The data science boom has contributed to renewed corporate in open platforms. But this open embrace can sometimes be taken too far.
Allow me to illustrate.
Australian businesses are in a war for talent. In some cases, open source adoption is being used as a drawcard to attract developers. These are tools that developers may already use freely, and there’s an attractiveness in the continuity of being able to carry familiar tools and practices into the workplace. Organisations trying to attract developers therefore tout themselves as playgrounds of open source tooling. Whether that makes sense from a practical work perspective is unclear, however, and it may invite conflict down the path if better - but not open source - tooling is found and favoured.
On the flipside, there’s evidence of some Australian organisations being selective and learning to take what makes sense from open source and open standards. They may like what they see with open source from a practices and community collaboration perspective, and want to bring those cultural elements in-house. For these companies, the buzzword is ‘innersource’ and it is being seen in more and more local code shops, such as insurer IAG.
At Snowflake, we’ve had to balance these same influences on our product development process over the years. We constantly evaluate where open standards, open formats, and open source can help or hinder our progress towards those goals. In short, it is a matter of degree.
We frequently see strong opinions for and against open and ‘table pounding’ demanding it. Some companies would want everyone to believe that open is what really matters. But we always come back to what matters to us most, which is what our customers want.

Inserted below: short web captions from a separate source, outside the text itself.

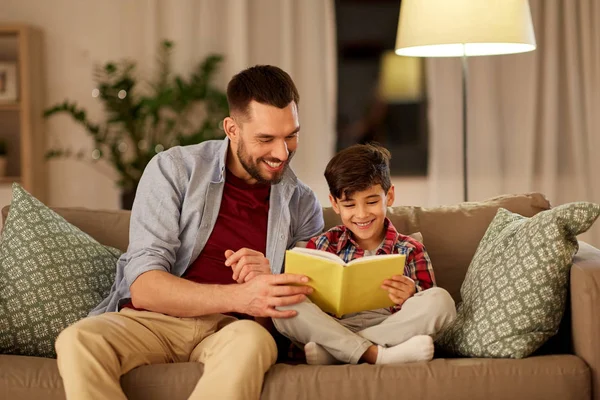 Lycklig far och son läser bok soffa hemma — Stockfoto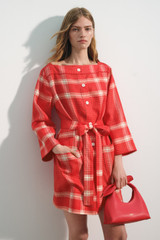 Profile view of model wearing the Oroton Vintage Check Tunic Dress in Ribbon Red and 100% midweight linen fabric for Women .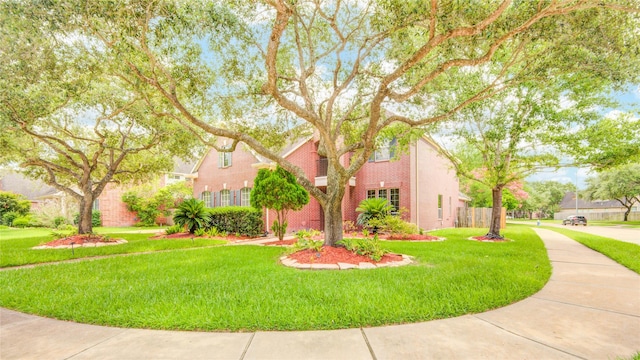 22315 Claysprings Ln, Katy, TX 77450 - view of property exterior with a yard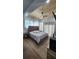 A large bedroom featuring a wood ceiling, a bed with a tufted headboard, and two windows covered with sheer curtains at 78 N 5Th St, Orlando, FL 32833
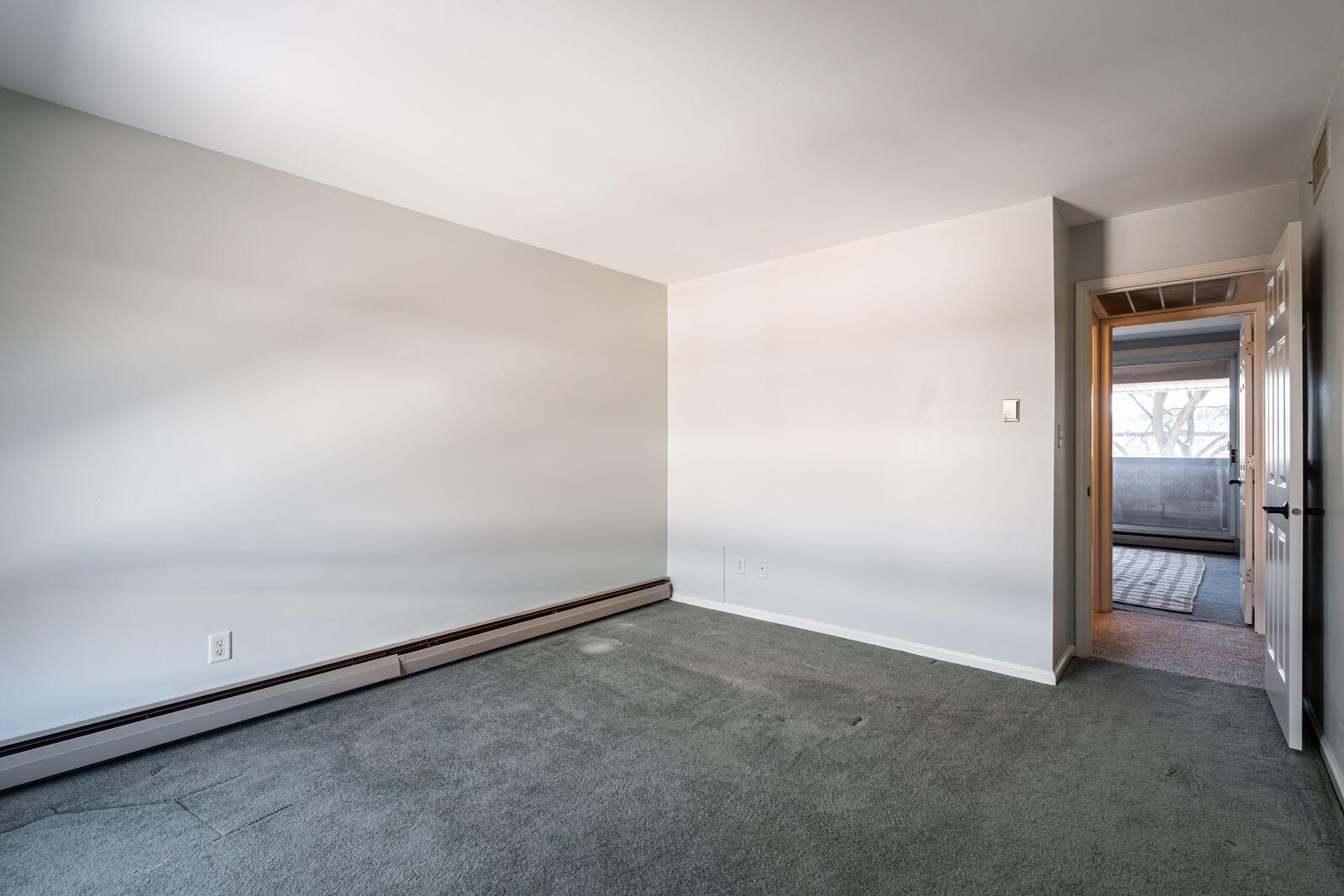 11936 West Mill Road, Unit 9 Milwaukee, WI 53225 - Photo 21 of 36 2nd Upstairs Bedroom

What matters to customers is security, performance, costs, simplicity, and innovation. Our argument has always been, and remains, that using open should be at the service of these goals, and that going all-in on open should not become a goal unto itself.
This is being lost in the current push around open platforms. A level of pragmatism needs to be brought back into the conversation.
Where open works
Open is often understood to encompass two broad characteristics: open standards and open source. In the appropriate context, these characteristics can enhance value to users of technology systems.
In the data world, open standards for file formats are often portrayed as a solution to data portability and interoperability challenges. These focus on the ability to get data out of a system and avoiding costly lock-in. But open formats often aren’t an optimal way to represent data during processing.
At Snowflake, we don’t think of open as a blanket non-negotiable attribute of our platform, but we’re instead very intentional in choosing where and how to embrace open.
We’ve fully embraced standard file formats, standard protocols, standard languages, and standard APIs. We are very intentional and careful about where and how we do so in order to maximise the value we provide to our customers. Similarly, we fully embrace open protocols, languages, and APIs.
With proper abstractions and promoting open where it matters in the domain of file access and formats, open protocols allow us to move faster (we do not need to reinvent them), allow our customers to re-use their knowledge, and enable fast innovation due to abstracting the “what” from the “how.”
On the open source front, Snowflake also delivers a small number of components that get deployed as software solutions into our customers’ systems, such as connectivity drivers such as JDBC or Python connectors or our Kafka connector. For all of these we provide the source code.
However, we maintain control of our core, because the query processor of a sophisticated data platform is typically built by dozens of PhD program graduates, evolved, refined, and optimised over years. Source code availability may not significantly increase the ability to comprehend its inner workings. We’ve also seen many unintended or undesired consequences when source code is opened, including fragmentation of platforms, incompatible forks, less agility to implement changes, and competitive dysfunctions.
The better model is the deployment of that core as a cloud-based managed service. Encapsulation of the inner workings of the service allows for its fast evolution and speedy delivery of innovation and improvements to customers.